Commodity currencies slumped amid speculation an interest-rate cut from the Bank of Canada may augur more monetary stimulus by resource-producing nations.
The Canadian dollar fell to its lowest since 2009 as policy makers lowered borrowing costs to stimulate an economy struggling with the declining price of oil, its major export. The New Zealand and Australian currencies also tumbled to multi-year lows.
``We could see further easing from all three central banks,'' Bipan Rai, director of foreign-exchange strategy at Canadian Imperial Bank of Commerce's CIBC World Markets unit, said by phone from Toronto, referring to Australia, New Zealand and Canada. ``The signals we're getting from global demand just aren't the same as they were in the heyday for commodity exporters.''
Canada's dollar, known as the loonie for the image of aquatic bird on the C$1 coin, slid as much as 1.8 percent.
The New Zealand dollar slumped as much as 1.7 percent while Australia's currency lost as much as 1.3. South Africa's rand, the Norwegian krone and Mexico's peso also slid.
New Zealand's currency declined to its lowest in five years after prices at an auction of milk -- the nation's major export -- fell.

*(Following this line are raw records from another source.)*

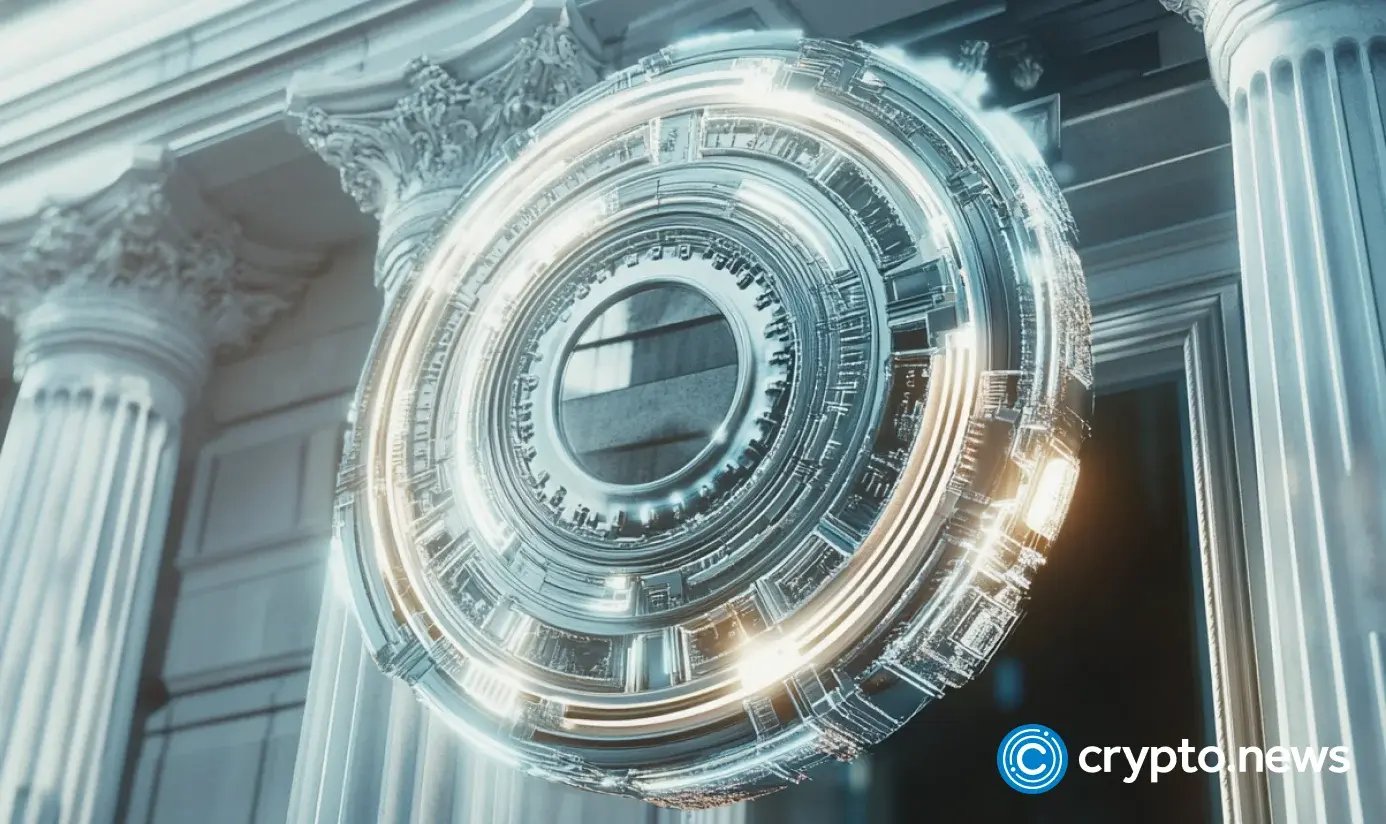 wp header logo 938 Coinbase and Mastercard vie to acquire stablecoin startup BVNK in $2B deal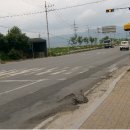 남촌주유소 이미지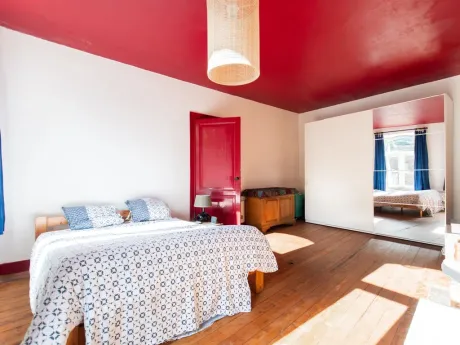 Huis in Hoei - Rue du Haut Chêne 10, 4500 - foto 9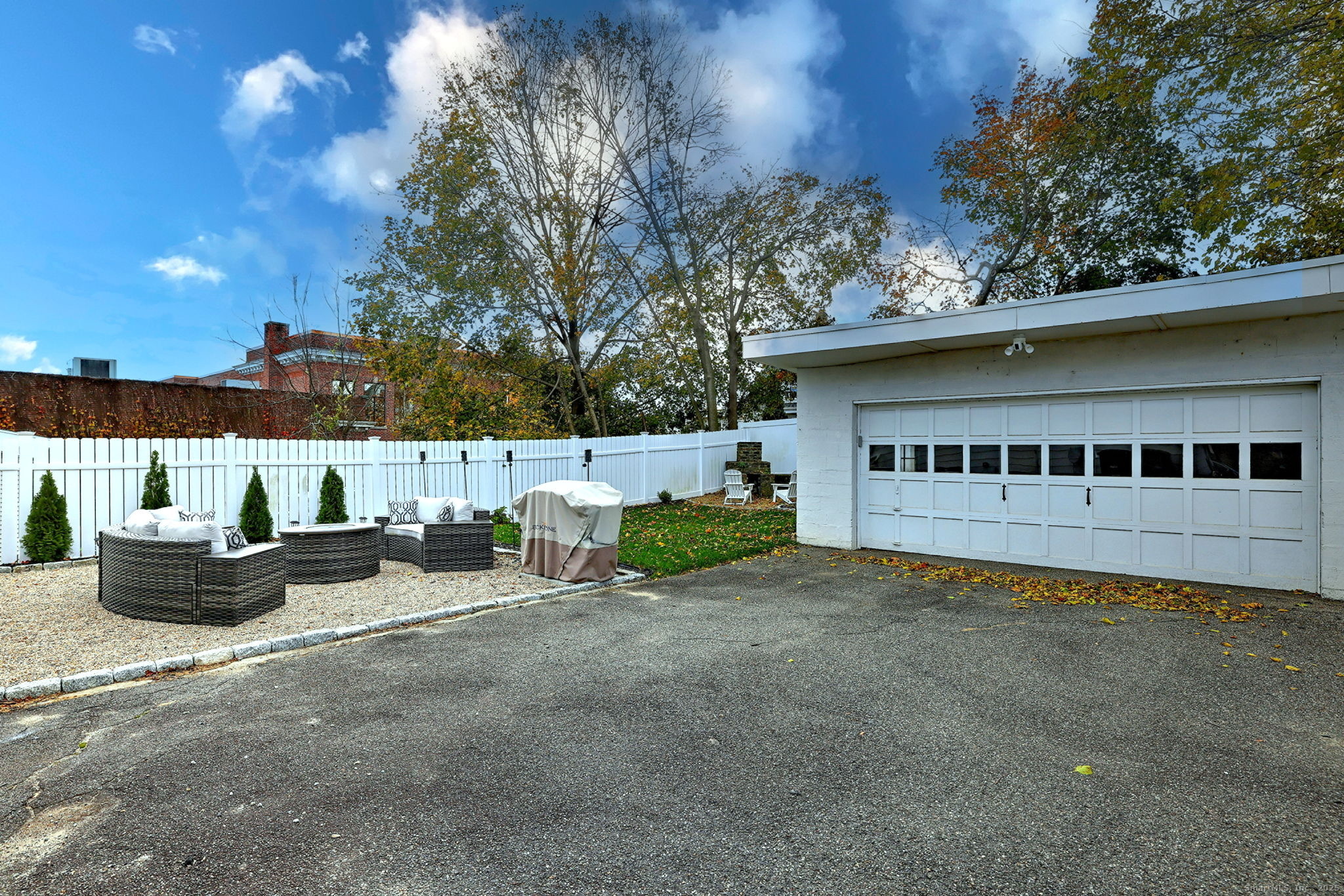 40 Hazelwood Avenue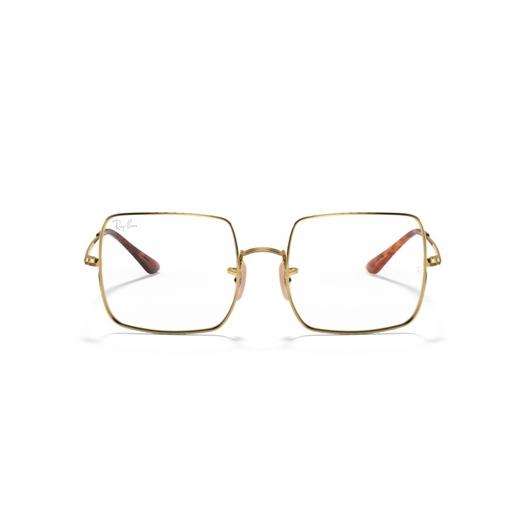 RAY-BAN  RX1971V - 2500 SQUARE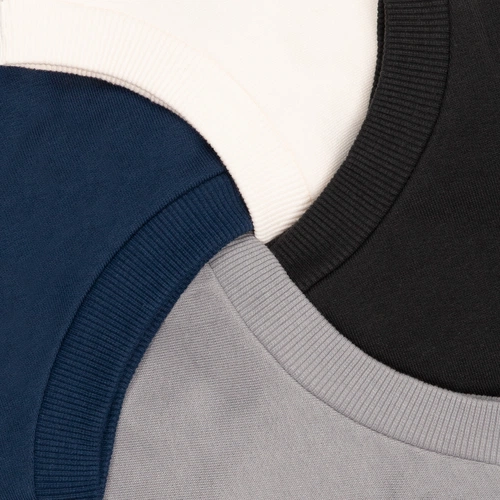 Свитшот Neofit, темно-серый (графит) Свитшот Neofit, темно-серый (графит)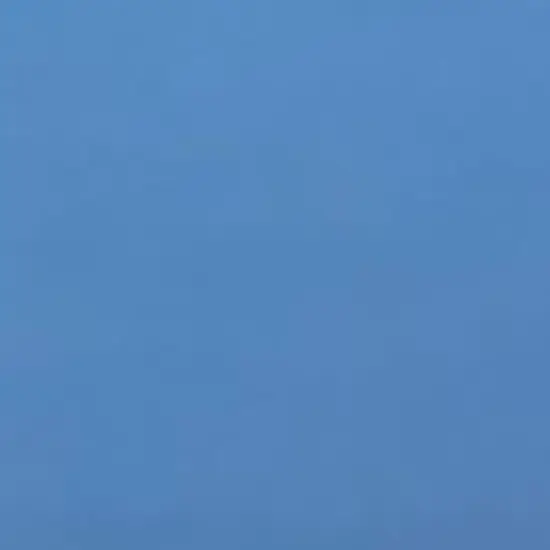 Flying Fisherman's Junior Angler Kid's Fin 7897 Polarized Sunglasses image {2}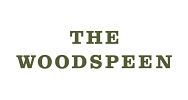 The Woodspeen logo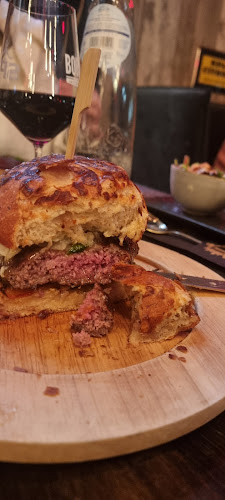 Pl. Royale 41, 4900 Spa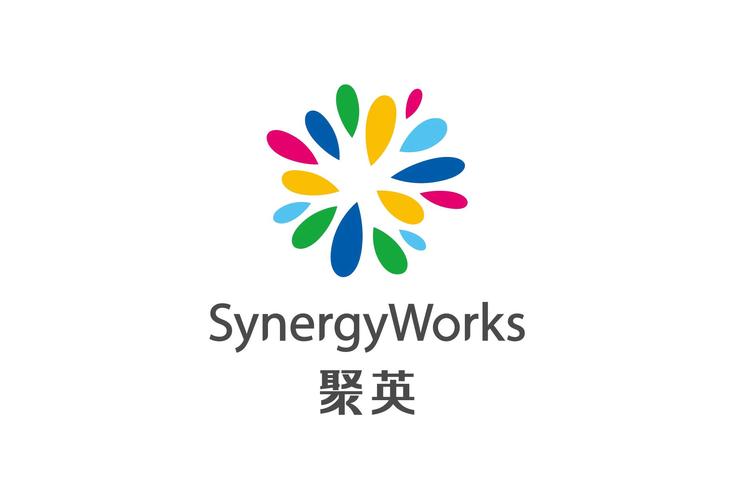 聚英小店在家赚钱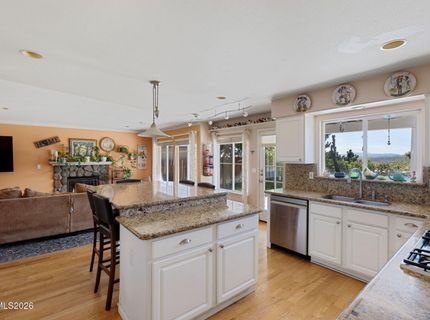 5294 Tappan Court, Reno, NV 89523 Photo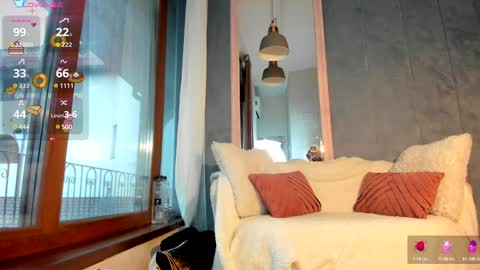 sassyt33n online show from 02.08.26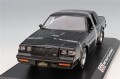KS-MS31479BK.jpg
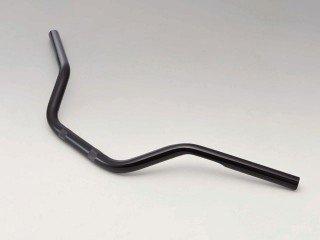 tBteB[o[nh BK XL883 (HD-04660)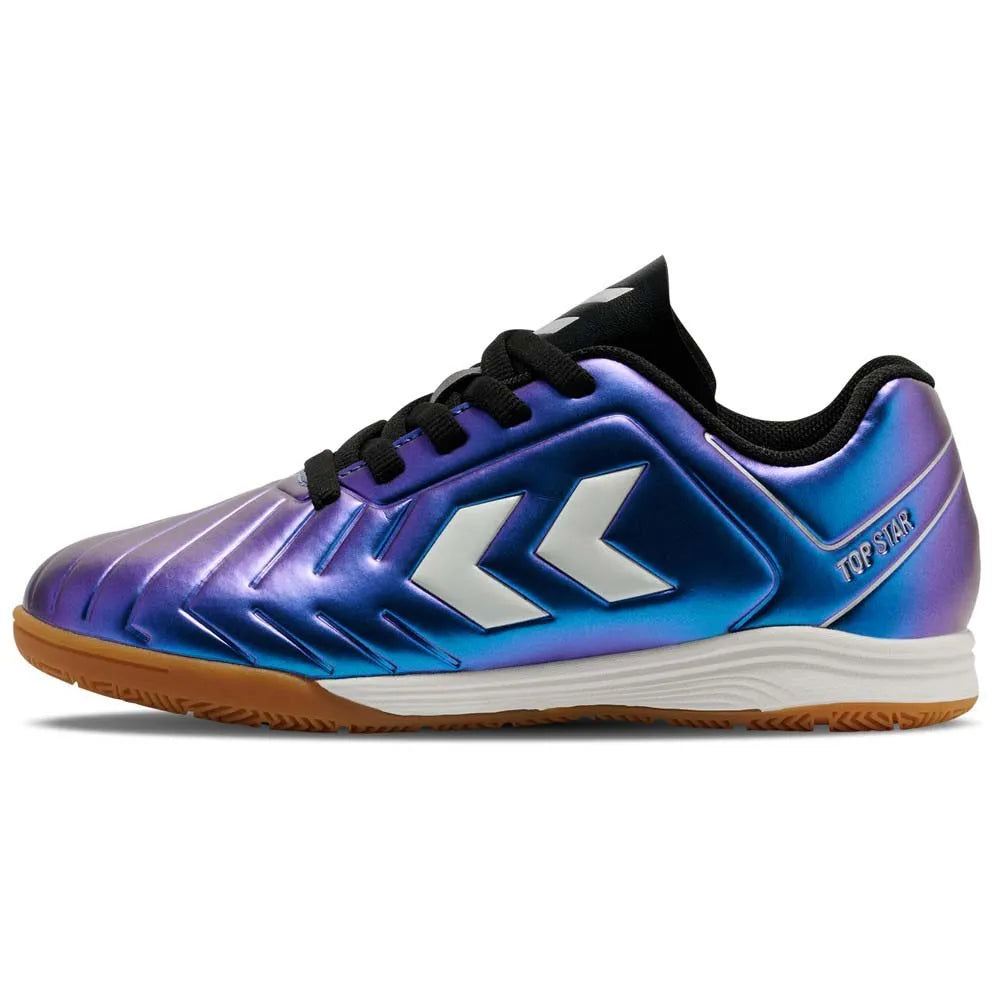 Hummel Top Star LC 2.0 IN Indoor Football Shoes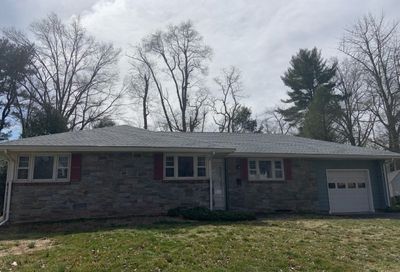 137 Tappan Ave North Plainfield Boro NJ 07060-4546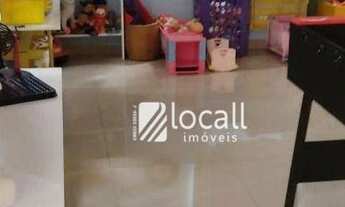 Imagem 5: Apartamento com 2 dormitórios para alugar, 48 m² por R$ 1.130,00/mês - Jardins Rio Preto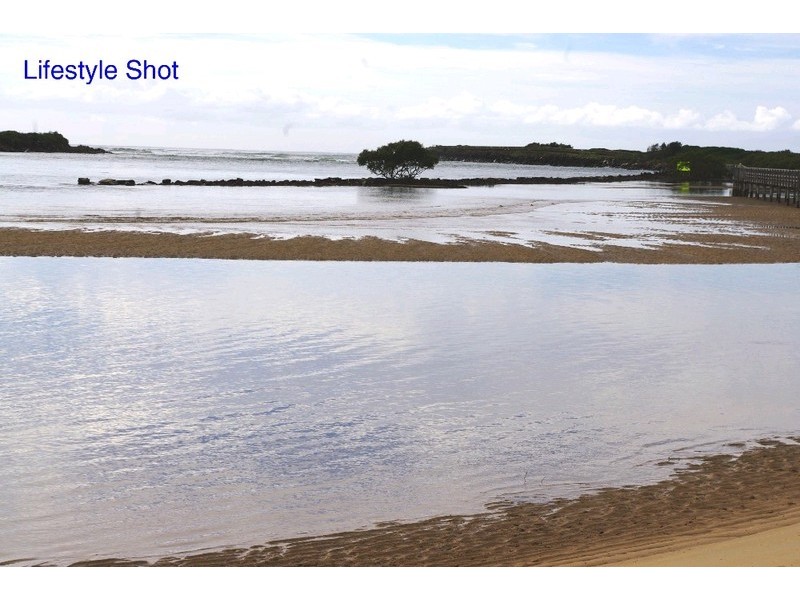 11 Gordon Road, Raleigh NSW 2454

Weaker prospects for dairy prices are an economic headwind, the nation's central bank said when it cut rates last month.
``Growth momentum across commodity economies remains weak, and outright growth is likely to slow further,'' said Atul Lele, who manages $2 billion as the chief investment officer of Deltec International Group from Nassau, Bahamas. ``That may ultimately lead to deleveraging across housing and other asset classes, all necessitating increasing monetary stimulus.''
(This article was corrected for the company name in seventh paragraph.)